I cross the street and head down the alley. About half way down the alley’s length, I see the dumpster for the chinese place with the dick for an owner. I push the dumpster under the fire escape. The wheels beneath the big metal thing scream, but it moves, and before long, I shimmy up the side of the dumpster, stretch, and I’m able to reach the bottom rung of the fire escape.

A few minutes more, and I’m on the roof looking across at our building.

There’s no movement at all. Still as a tomb. Which, I guess, it is.

It’s cold as shit tonight. I’ve got a sweatjacket and a flannel coat on top of that, and it’s not enough. The air is damn, and it feels greasy. Every hair on my body feels like it’s standing straight up.
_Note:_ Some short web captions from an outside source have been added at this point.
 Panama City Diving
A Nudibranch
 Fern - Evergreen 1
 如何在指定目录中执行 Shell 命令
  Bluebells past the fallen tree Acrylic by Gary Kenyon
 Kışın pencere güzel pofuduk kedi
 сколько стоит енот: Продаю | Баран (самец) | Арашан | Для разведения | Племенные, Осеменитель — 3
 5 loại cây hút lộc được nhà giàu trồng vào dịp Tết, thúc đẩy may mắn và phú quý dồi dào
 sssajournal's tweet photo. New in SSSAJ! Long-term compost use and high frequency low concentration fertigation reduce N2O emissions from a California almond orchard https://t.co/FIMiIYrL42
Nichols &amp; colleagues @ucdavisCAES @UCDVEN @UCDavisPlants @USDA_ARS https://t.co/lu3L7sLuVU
I catch myself pacing back and forth across the roof and wonder how long I’ve been doing so. Five minutes? Three hours?

What the fuck happened?!

I’ve got to get my head screwed back on. Got to calm down and figure this out. I take several long, deep breaths. I think of my friends again, and I gag. There’s nothing to throw up, of course, so it passes fairly quickly.

More pacing and more deep breaths. My friends are dead and I need to figure out why and what happened. I need to… do something.
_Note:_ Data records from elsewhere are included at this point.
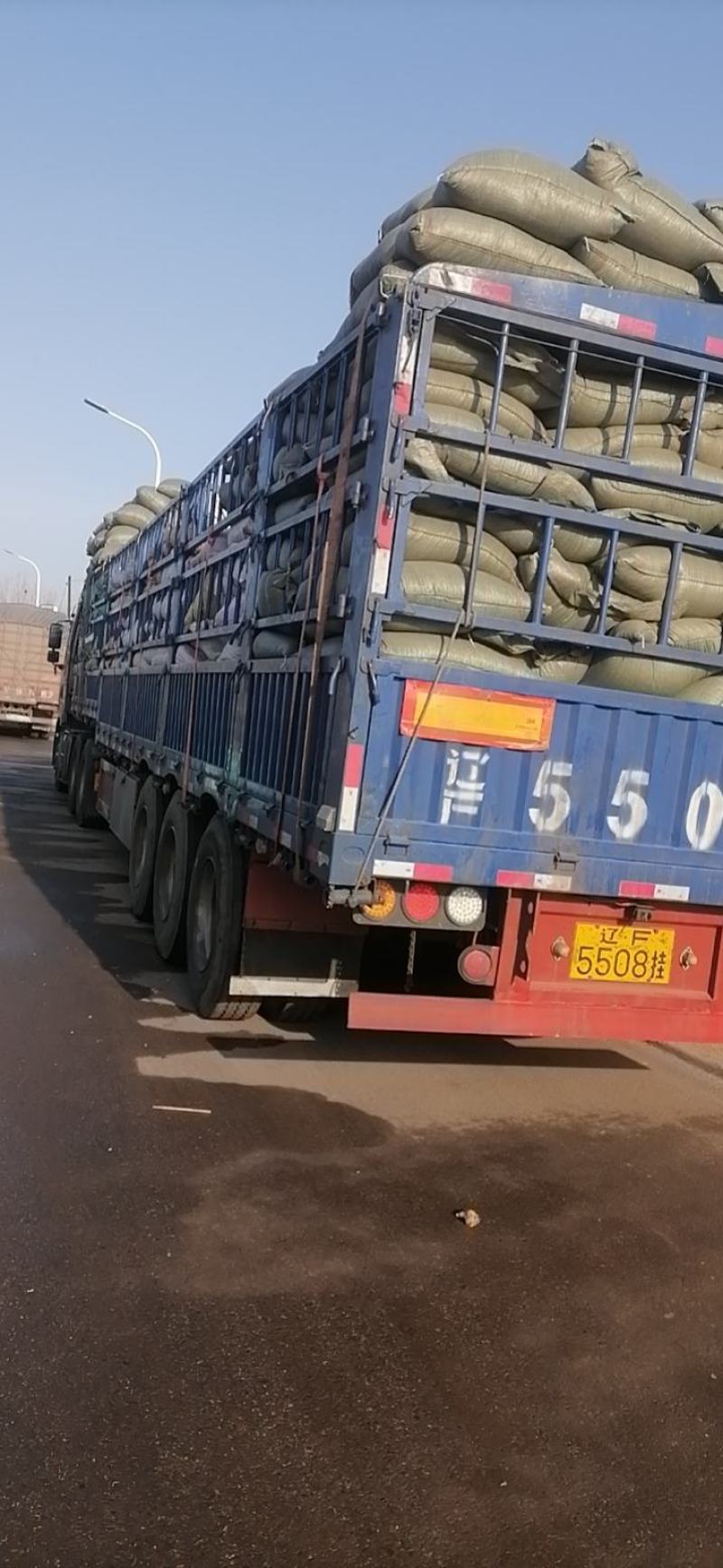 远志远志筒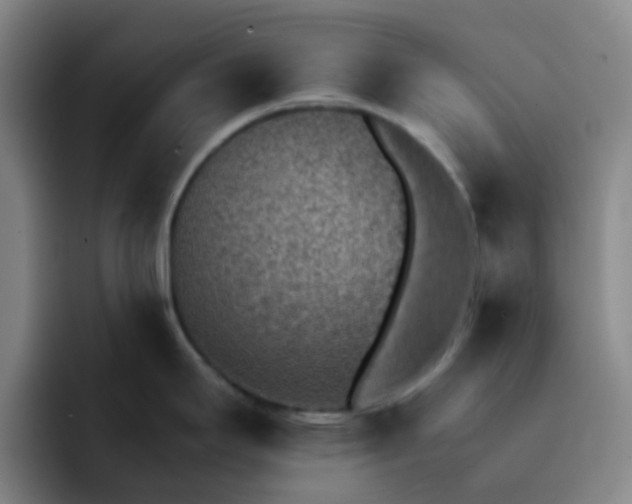 X0000092051295200709262002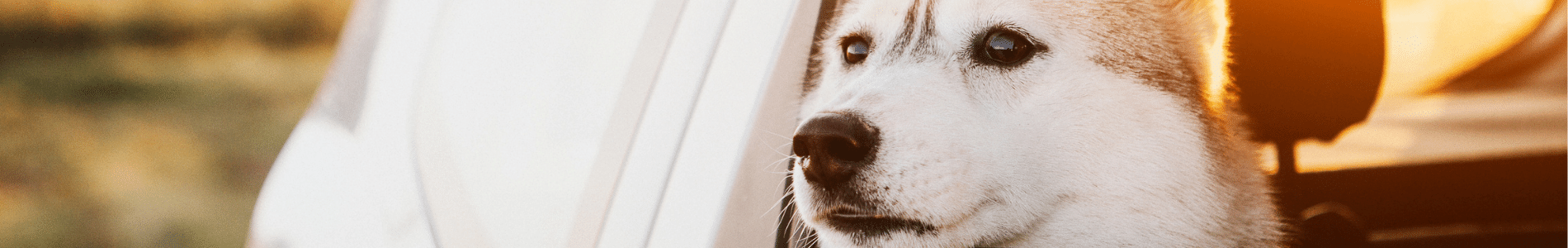 taxis en barcelona que admiten perros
I go through the mental images I have of the room. My friends all dead. The Diablos. What were they doing there? And who the hell was that other guy? He was wearing doctor’s scrubs. In our abandoned warehouse. Up on the fourth floor. The bikers being there was weird, but a doctor? That make no sense.

I’ve got to go back. I don’t want to, but I can’t think of any other way to find out what happened. It has to have been at least a couple of hours, and no sign of the cops. I have no way of knowing if anyone heard anything, but I’m guessing not. Four floors up in an abandoned building which isn’t attached to its neighbors. And of course, no one in this neighborhood wants to hear anything.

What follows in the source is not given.